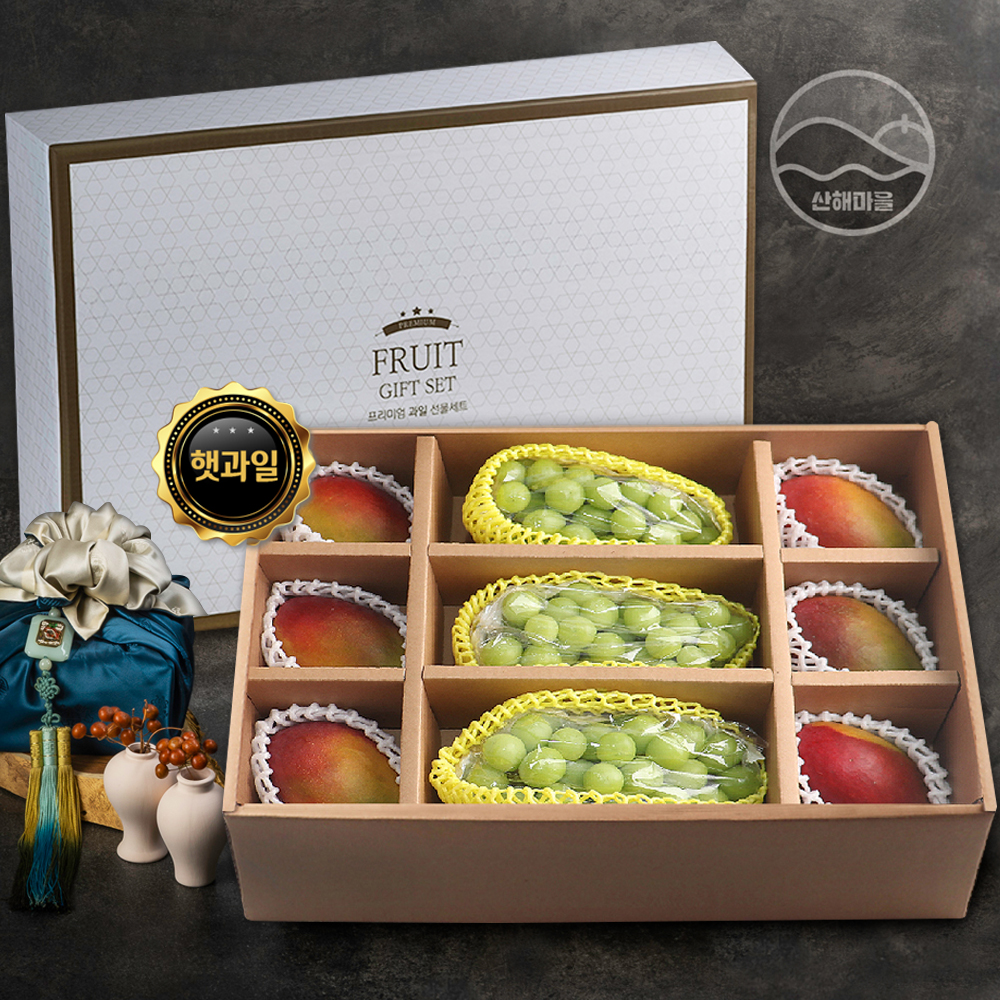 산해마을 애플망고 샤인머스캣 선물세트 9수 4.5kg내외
####
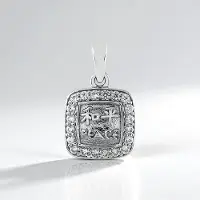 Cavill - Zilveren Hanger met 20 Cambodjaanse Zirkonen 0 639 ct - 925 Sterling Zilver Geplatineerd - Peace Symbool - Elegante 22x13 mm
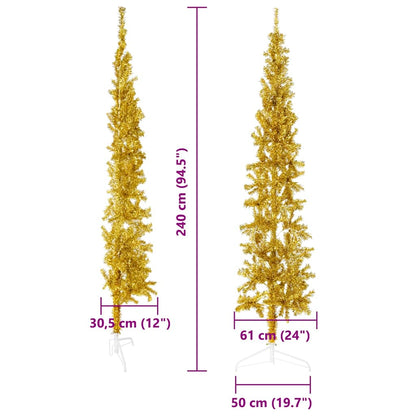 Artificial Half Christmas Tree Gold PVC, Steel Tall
####
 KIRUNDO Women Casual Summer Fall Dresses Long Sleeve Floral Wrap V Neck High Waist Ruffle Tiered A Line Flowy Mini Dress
####
Assignment: Output exactly those lines of the data above that run from the line with "Cavill - Zilveren" up to and including the line with "Artificial Half Christmas". No pictures go in.

Task solution:
 Cavill - Zilveren Hanger met 20 Cambodjaanse Zirkonen 0 639 ct - 925 Sterling Zilver Geplatineerd - Peace Symbool - Elegante 22x13 mm
 Artificial Half Christmas Tree Gold PVC, Steel Tall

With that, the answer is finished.